Mary Josephine Lavin (1912-1996) was a notable Irish short story writer and novelist. She is regarded as a pioneering female author in the traditionally male-dominated world of Irish letters. Her subject matter often dealt explicitly with feminist issues and concerns at a time when the primacy of the Roman Catholic Church and its abuses (e.g. the Magdalene Laundries) impinged extensively on Irish society.
Mary Lavin was born in Massachusetts, the only child of Tom and Nora Lavin, an immigrant Irish couple. Mary attended Loreto College in Dublin, before going on to study English and French at University College Dublin (UCD). She taught French at Loreto College for a while. As a postgraduate student, she published her first short story, Miss Holland, which appeared in the Dublin Magazine in 1938.

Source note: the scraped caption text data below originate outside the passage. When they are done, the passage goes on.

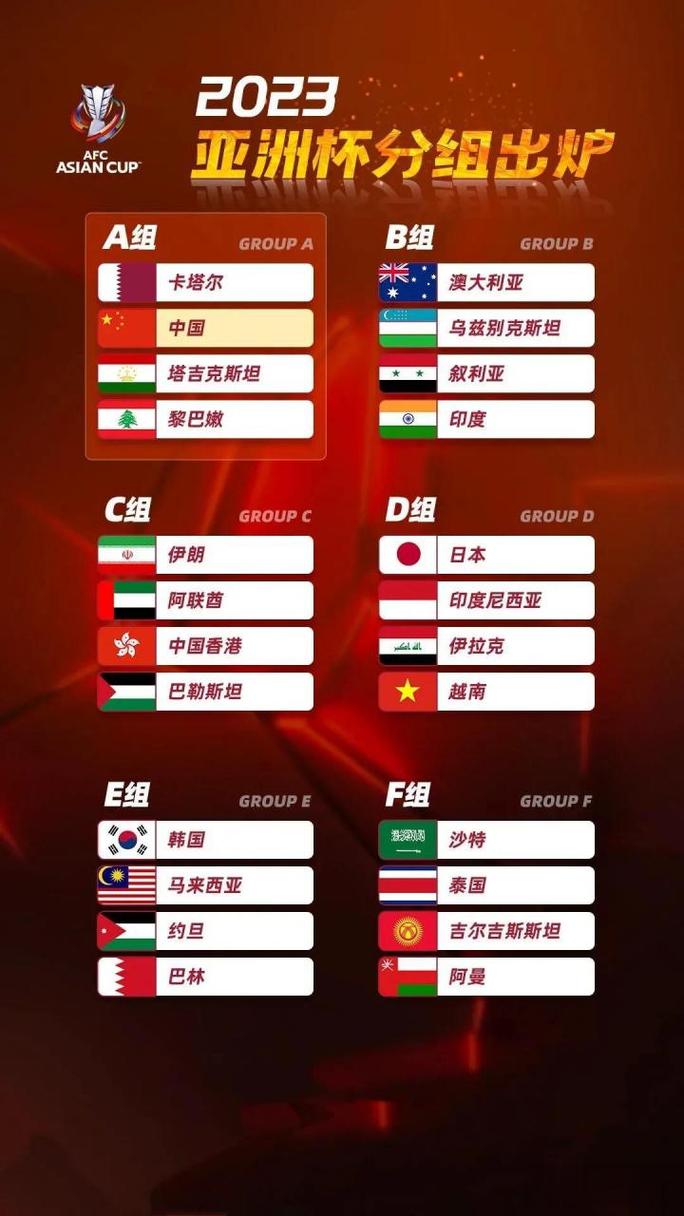 中国男足赛程表最新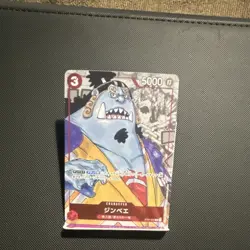 One Piece Card Game Jinbe Character Card ST01-008 5000 Power Cost 3 - Image 1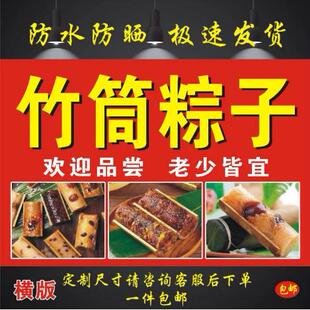 竹筒粽子海报贴纸贴画美食小吃墙壁自粘画贴画广告小吃车喷绘布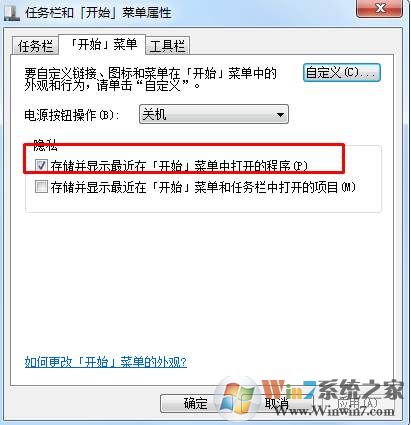 Win7系统运行命令无法储存记录怎么办？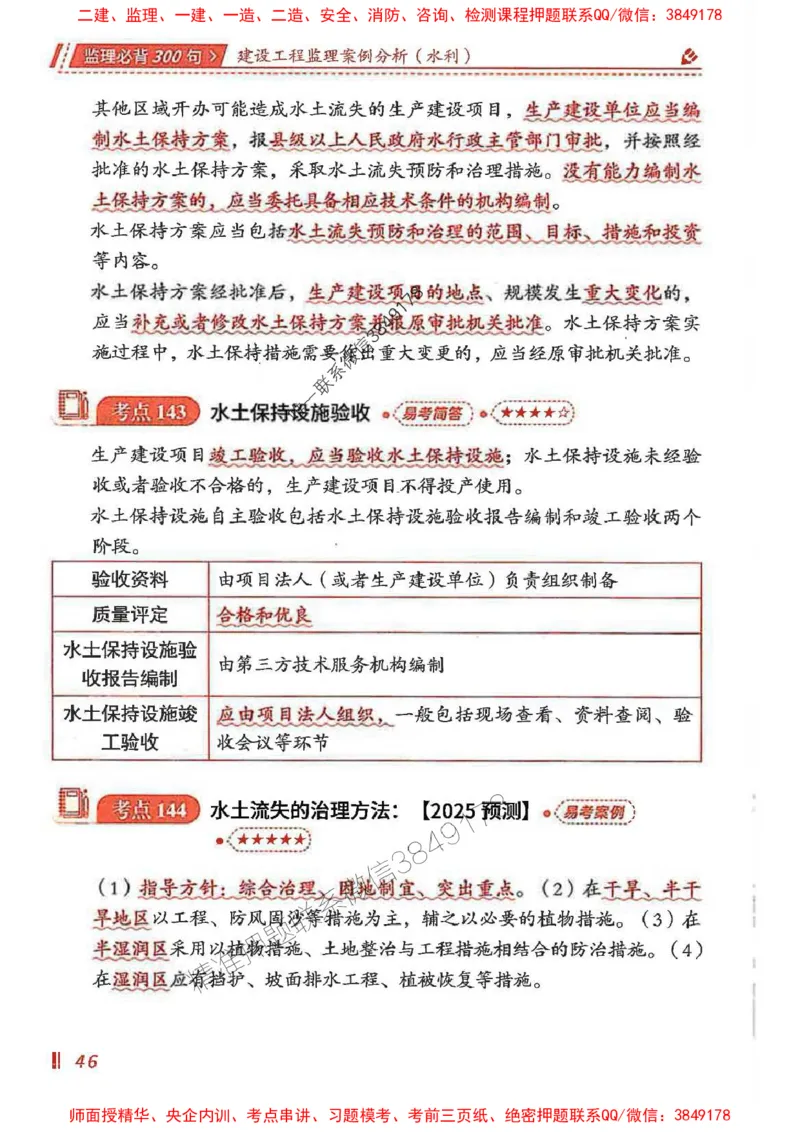 监理必背300句案例分析（水利）_监理工程师_2025监理工程师_2025年监理工程师SVIP_2025年监理水利案例SVIP_02-基础精讲✿高端面授✿深度强化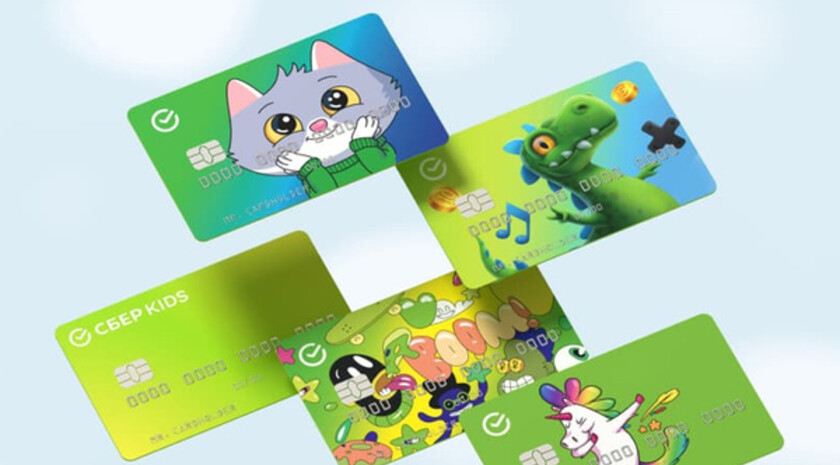 Более 28 тыс. юных жителей Черноземья начали пользоваться банковскими картами в 2026 году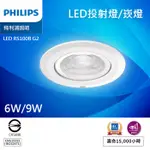 PHILIPS 飛利浦 LED RS100B G2 投射燈/崁燈 6W/9W 聚光 可調角度：7- 9CM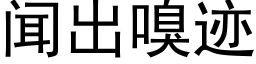 闻出嗅迹 (黑体矢量字库)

In 1943, Mary Lavin published her first book. Tales from Bective Bridge, a volume of ten short stories about life in rural Ireland, was a critical success and went on to win the James Tait Black Memorial Prize for fiction. Her literary career flourished; she published several novels and collections of short stories during this period. Her first novel, The House in Clewe Street (1945) was serialised in the Atlantic Monthly before its publication. She continued writing and won several awards for her work, including the Katherine Mansfield Prize in 1961, Guggenheim Fellowships in 1959 and 1961, and an honorary doctorate from UCD in 1968. Some of her stories written during this period, dealing with the topic of widowhood, are acknowledged to be among her finest.